── Records shown
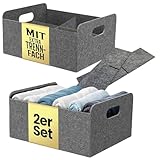 Bada Bing 2er Set stabiler Filzkorb in grau für Regal und Kleiderschrank - faltbarer Organizer mit...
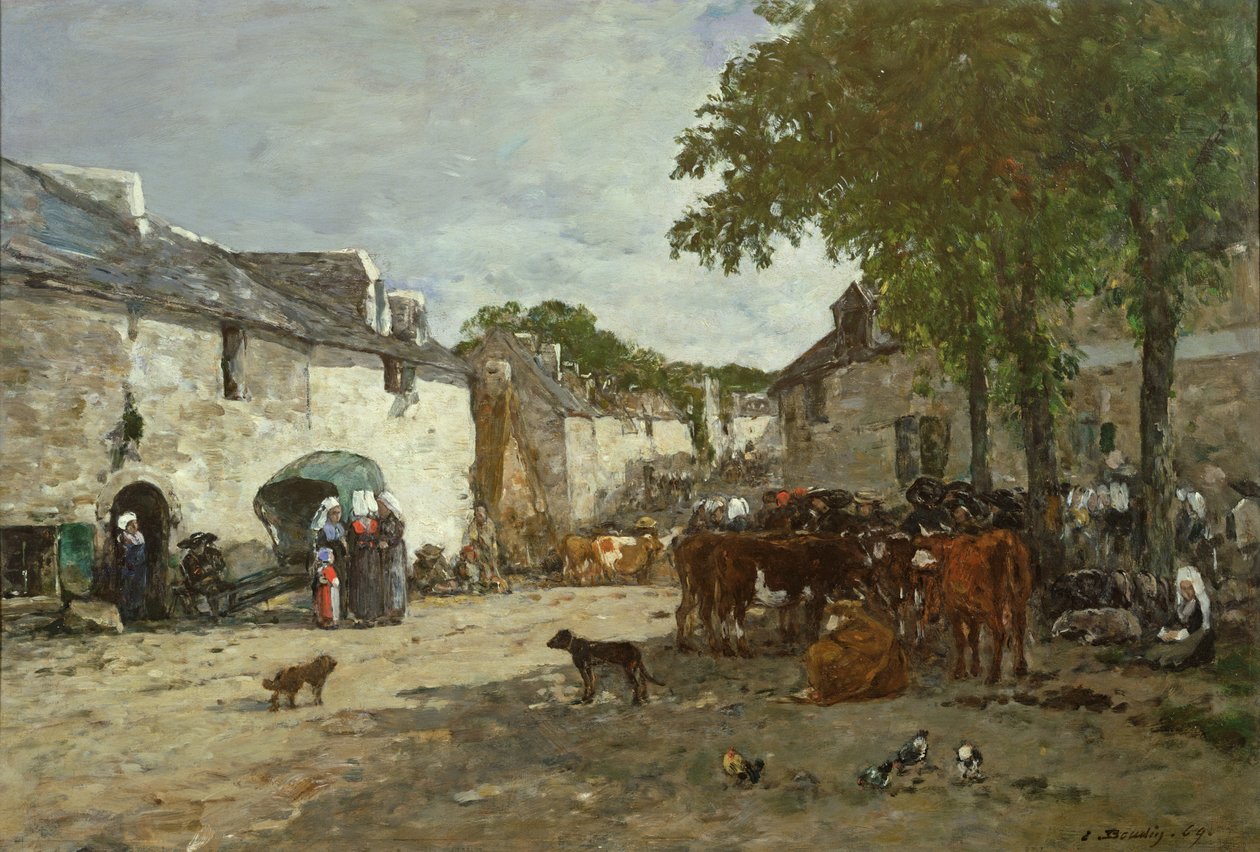Targ zwierzęcy w Daoulas, 1869 autorstwa Eugene Louis Boudin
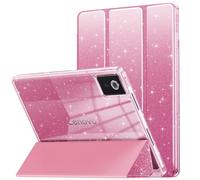INFILAND Case for Lenovo Idea Tab 11" 2025 Cute Glitter Clear Slim Protective Cover with Pencil Holder for Kids, Girls, Woman Fit Lenovo Idea Tab 11 Inch TB-336ZU/336FU (Pink)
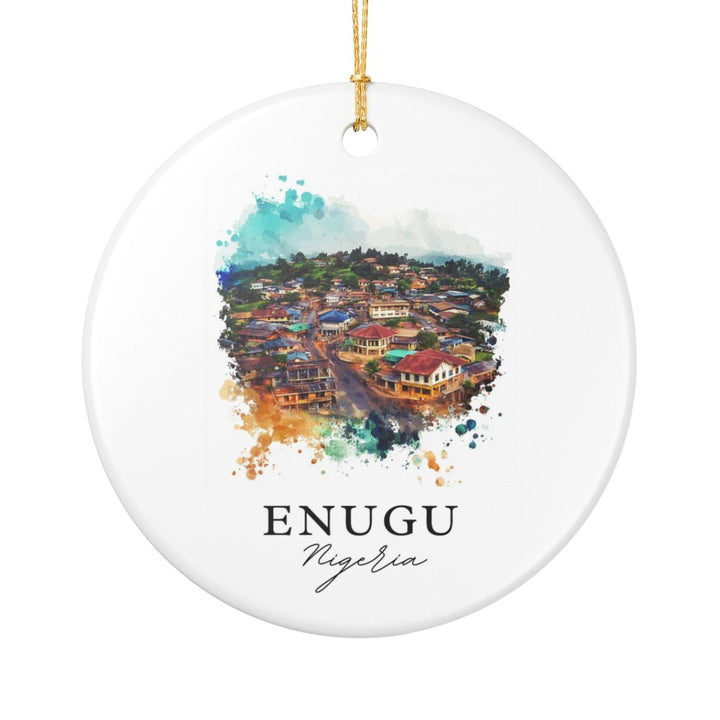 Enugu Nigeria Ornament: Unique Enugu Nigeria Souvenir, Enugu Nigeria Xmas Decor, and Authentic Enugu Nigeria Gift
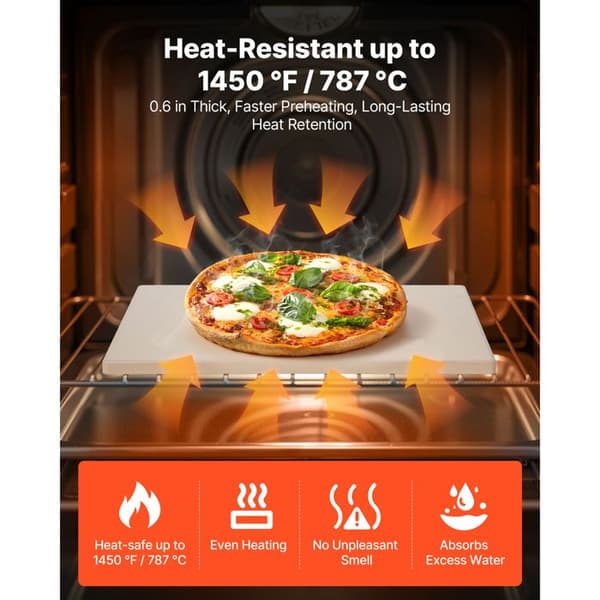 Rectangular Cordierite Pizza Stone 38 x 30 cm-Duoku-with PP Scraper-Heat Resistant-1.5 cm Thickness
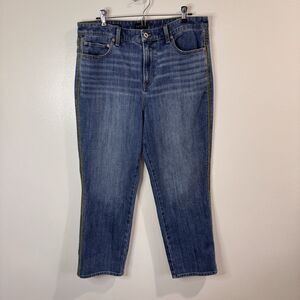 Talbots Jeans 14 Modern Ankle Velvet Trim Medium Wash Denim High Rise Straight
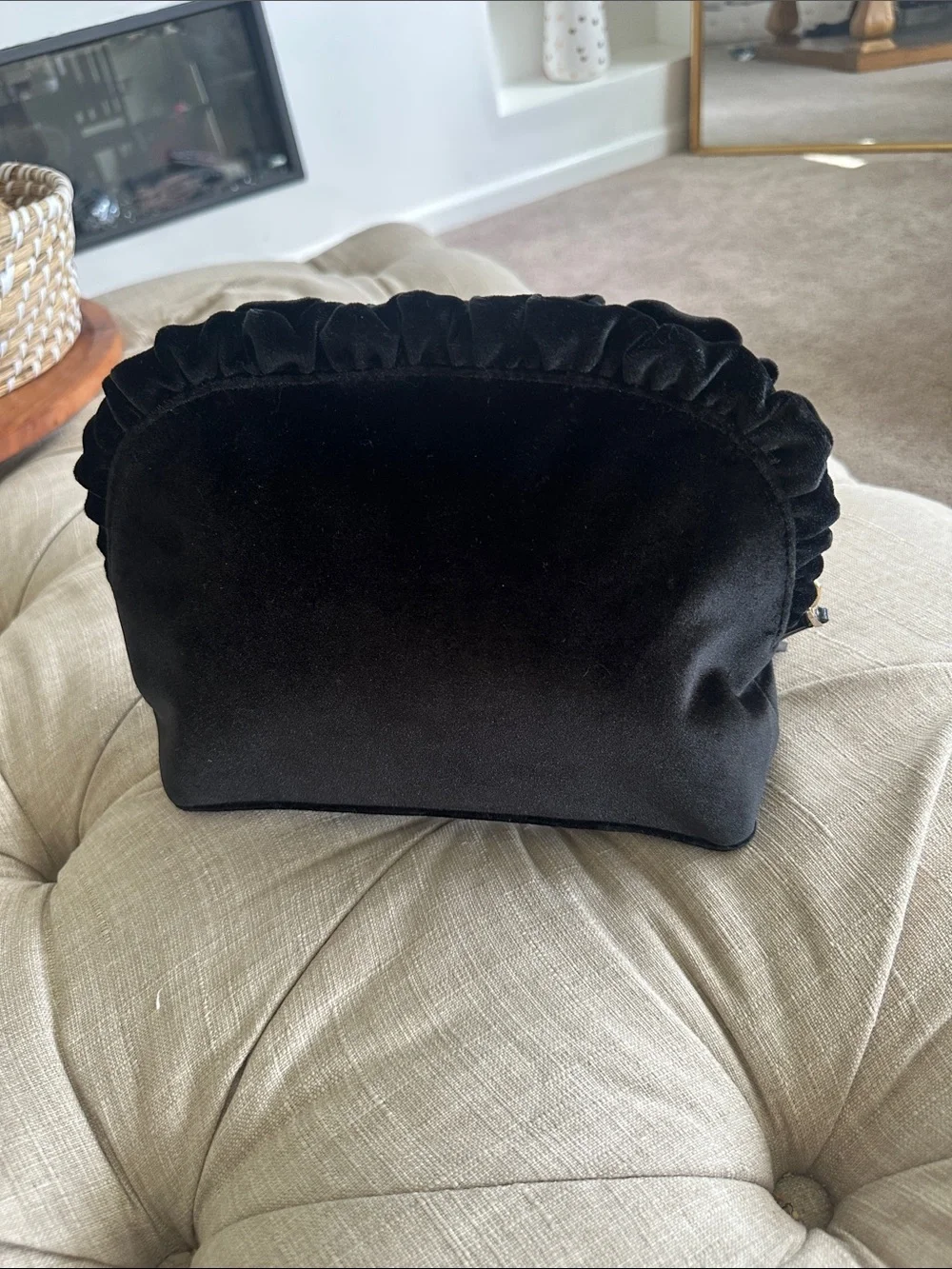 kate spade black velvet ruffle wristlet clutch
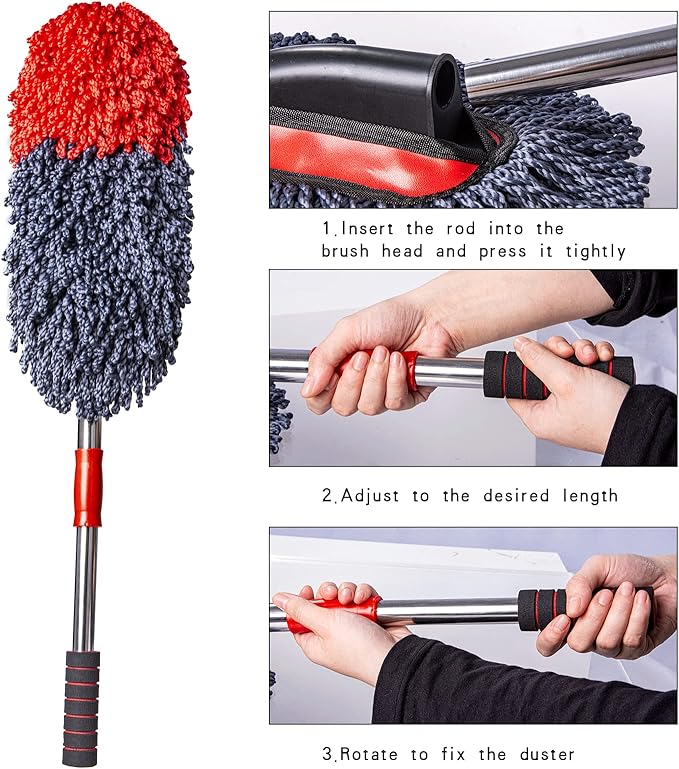 Soft Microfiber Car Duster Exterior Scratch Free Multipurpose Duster with Extendable Handle Duster for Car, Truck, SUV, RV and Motorcycle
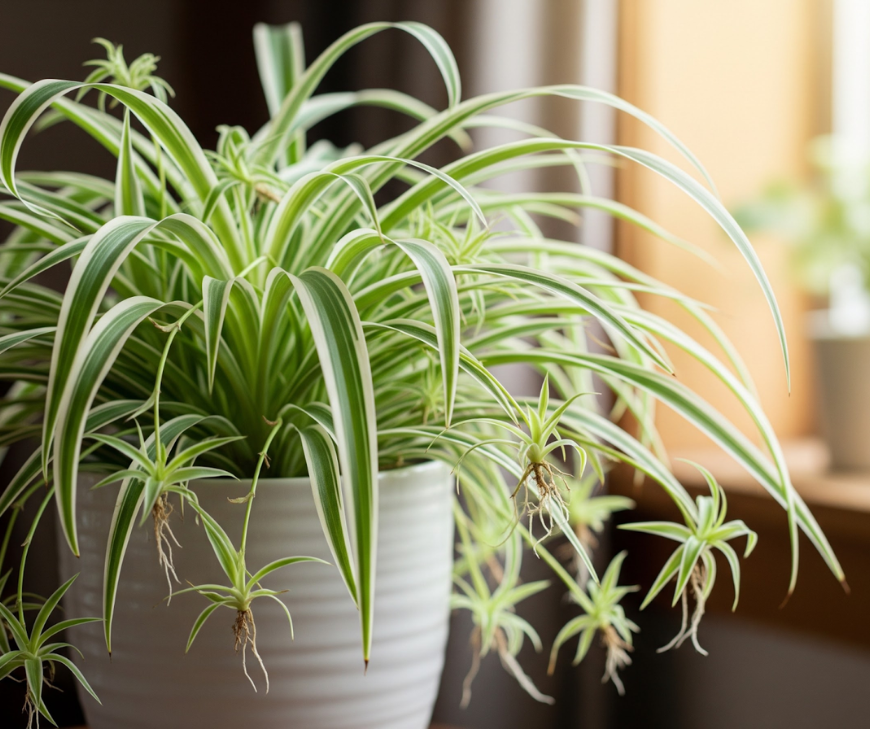 the Spider Plant is a hardy and highly effective air purifier.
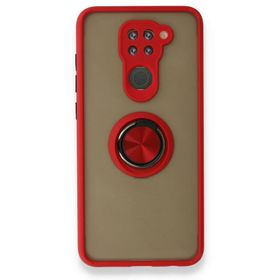 BSSM Xiaomi Redmi Note 9 Montreal Yüzüklü Silikon Kapak Kırmızı Kılıf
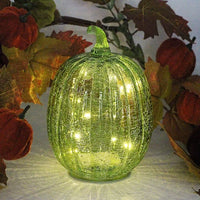 Crackle Glass Pumpkin Light with Timer Battery Operated LED Pumpkin Lamp for Fall Decorations Ideal for Halloween Thanksgiving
────
- [Work required]:
The copy must match every line of the data exactly and contain no pictures.

- [Response to this exercise]:
 Bada Bing 2er Set stabiler Filzkorb in grau für Regal und Kleiderschrank - faltbarer Organizer mit...
Targ zwierzęcy w Daoulas, 1869 autorstwa Eugene Louis Boudin
INFILAND Case for Lenovo Idea Tab 11" 2025 Cute Glitter Clear Slim Protective Cover with Pencil Holder for Kids, Girls, Woman Fit Lenovo Idea Tab 11 Inch TB-336ZU/336FU (Pink)
 Enugu Nigeria Ornament: Unique Enugu Nigeria Souvenir, Enugu Nigeria Xmas Decor, and Authentic Enugu Nigeria Gift
 Rectangular Cordierite Pizza Stone 38 x 30 cm-Duoku-with PP Scraper-Heat Resistant-1.5 cm Thickness
 Talbots Jeans 14 Modern Ankle Velvet Trim Medium Wash Denim High Rise Straight
 kate spade black velvet ruffle wristlet clutch
 Soft Microfiber Car Duster Exterior Scratch Free Multipurpose Duster with Extendable Handle Duster for Car, Truck, SUV, RV and Motorcycle
 the Spider Plant is a hardy and highly effective air purifier.
 BSSM Xiaomi Redmi Note 9 Montreal Yüzüklü Silikon Kapak Kırmızı Kılıf
 Crackle Glass Pumpkin Light with Timer Battery Operated LED Pumpkin Lamp for Fall Decorations Ideal for Halloween Thanksgiving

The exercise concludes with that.